* _What is required_: The whole listing, exactly as given: write it out, leaving out each image.

* _Materials provided_:
*** Block opens ***

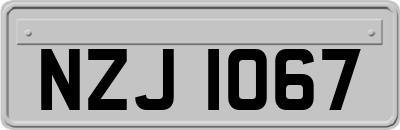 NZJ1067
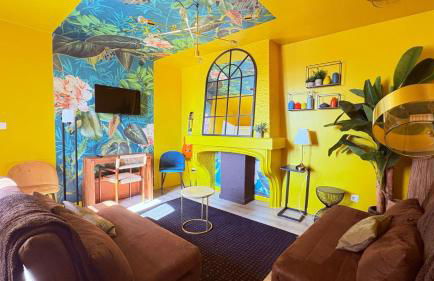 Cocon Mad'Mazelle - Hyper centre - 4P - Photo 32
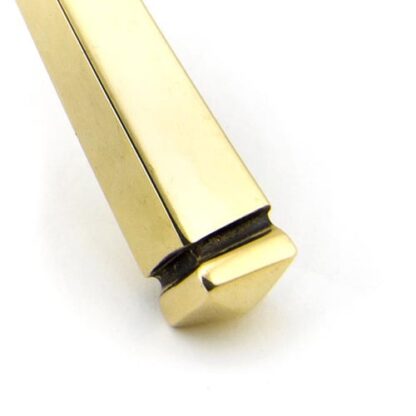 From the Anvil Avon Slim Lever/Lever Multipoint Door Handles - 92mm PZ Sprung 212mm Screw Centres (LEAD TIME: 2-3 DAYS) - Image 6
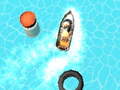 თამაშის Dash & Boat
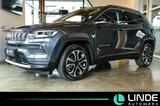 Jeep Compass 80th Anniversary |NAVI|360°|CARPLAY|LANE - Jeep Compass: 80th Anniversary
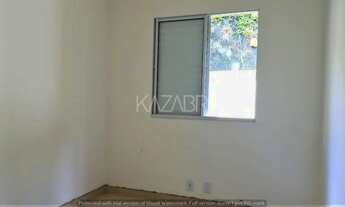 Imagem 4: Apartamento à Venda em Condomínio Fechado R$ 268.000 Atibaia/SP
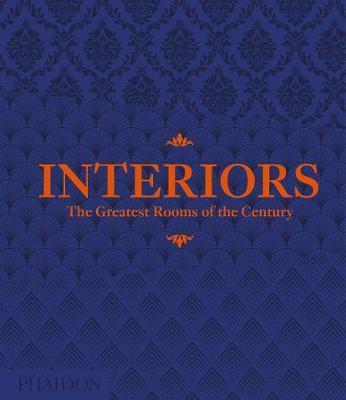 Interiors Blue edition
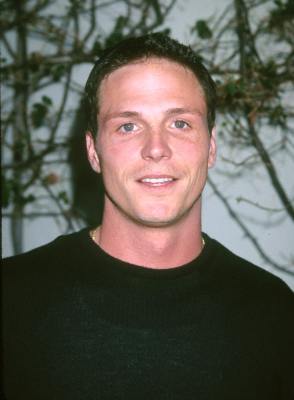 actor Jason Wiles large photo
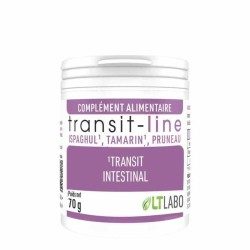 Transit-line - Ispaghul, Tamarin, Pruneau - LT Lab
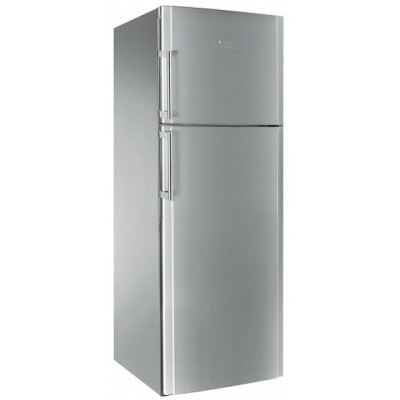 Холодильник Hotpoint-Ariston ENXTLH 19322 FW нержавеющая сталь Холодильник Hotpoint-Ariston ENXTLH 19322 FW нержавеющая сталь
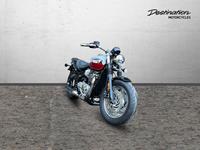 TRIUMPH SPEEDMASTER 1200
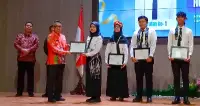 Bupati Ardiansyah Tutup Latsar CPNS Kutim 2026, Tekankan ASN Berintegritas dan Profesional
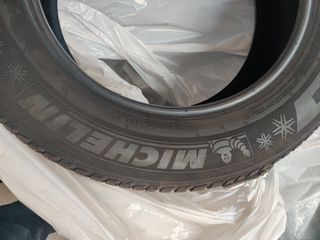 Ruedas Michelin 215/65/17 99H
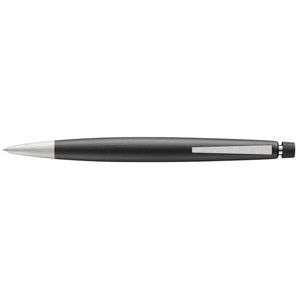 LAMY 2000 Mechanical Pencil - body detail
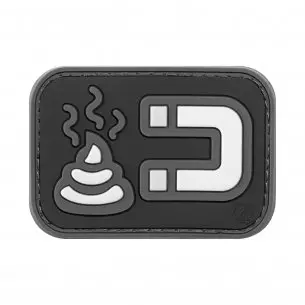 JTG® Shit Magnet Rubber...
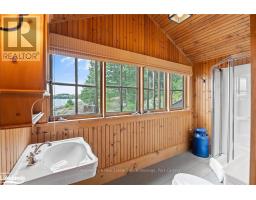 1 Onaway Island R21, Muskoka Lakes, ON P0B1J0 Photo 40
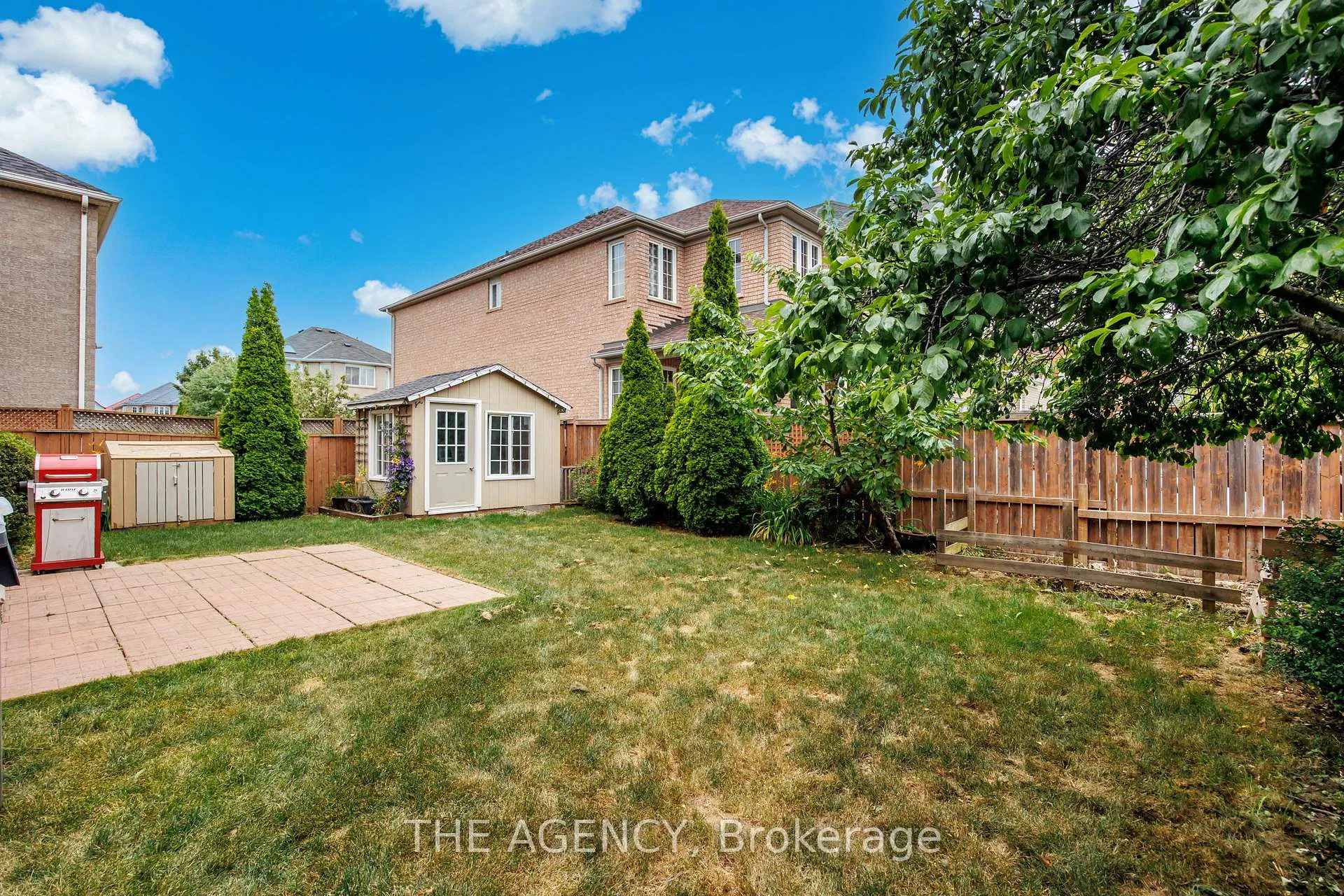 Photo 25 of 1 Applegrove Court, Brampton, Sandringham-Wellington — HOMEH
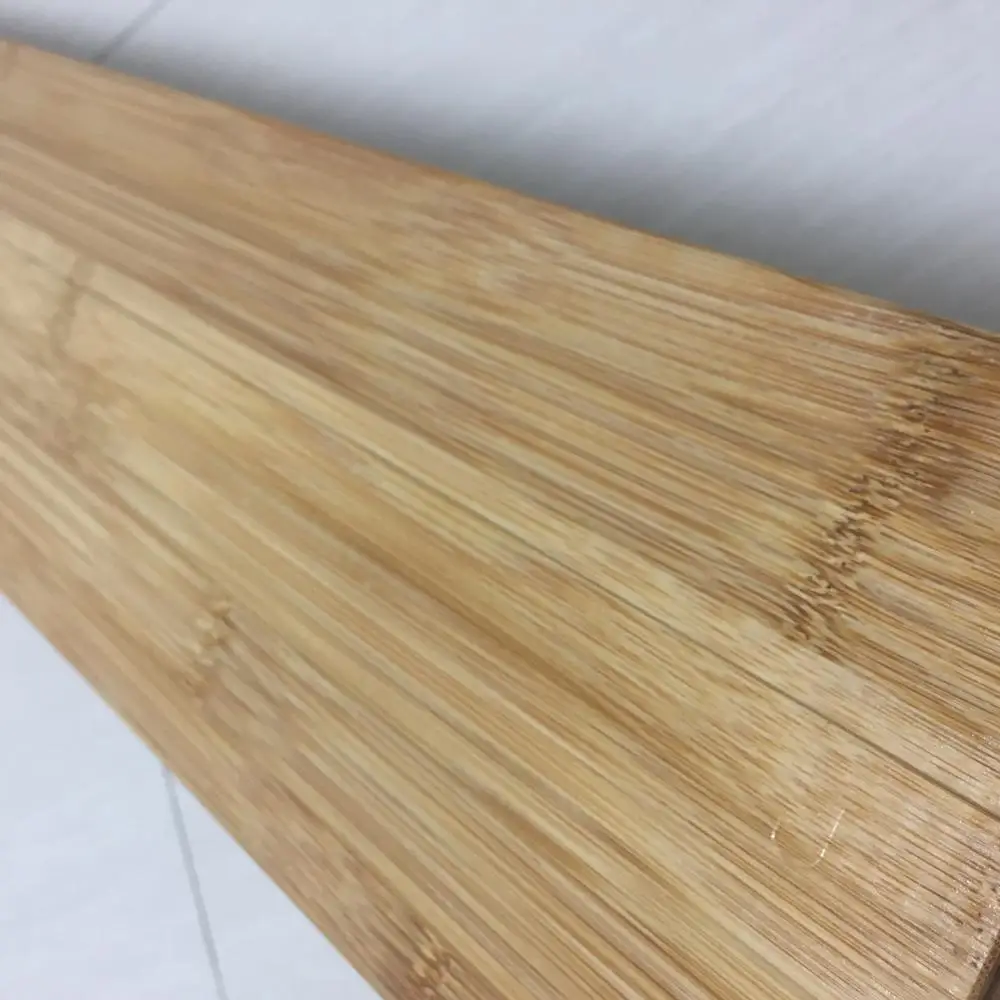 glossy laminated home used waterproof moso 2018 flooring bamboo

*** Block closes ***

* _Response area_:
 NZJ1067
 Cocon Mad'Mazelle - Hyper centre - 4P - Photo 32
 From the Anvil Avon Slim Lever/Lever Multipoint Door Handles - 92mm PZ Sprung 212mm Screw Centres (LEAD TIME: 2-3 DAYS) - Image 6
 თამაშის Dash & Boat
 Jeep Compass 80th Anniversary |NAVI|360°|CARPLAY|LANE - Jeep Compass: 80th Anniversary
 Imagem 4: Apartamento à Venda em Condomínio Fechado R$ 268.000 Atibaia/SP
 Interiors Blue edition
 actor Jason Wiles large photo
 Transit-line - Ispaghul, Tamarin, Pruneau - LT Lab
 Холодильник Hotpoint-Ariston ENXTLH 19322 FW нержавеющая сталь Холодильник Hotpoint-Ariston ENXTLH 19322 FW нержавеющая сталь
 TRIUMPH SPEEDMASTER 1200
 Bupati Ardiansyah Tutup Latsar CPNS Kutim 2026, Tekankan ASN Berintegritas dan Profesional
 Ruedas Michelin 215/65/17 99H
 LAMY 2000 Mechanical Pencil - body detail
 JTG® Shit Magnet Rubber...
 1 Onaway Island R21, Muskoka Lakes, ON P0B1J0 Photo 40
 Photo 25 of 1 Applegrove Court, Brampton, Sandringham-Wellington — HOMEH
 glossy laminated home used waterproof moso 2018 flooring bamboo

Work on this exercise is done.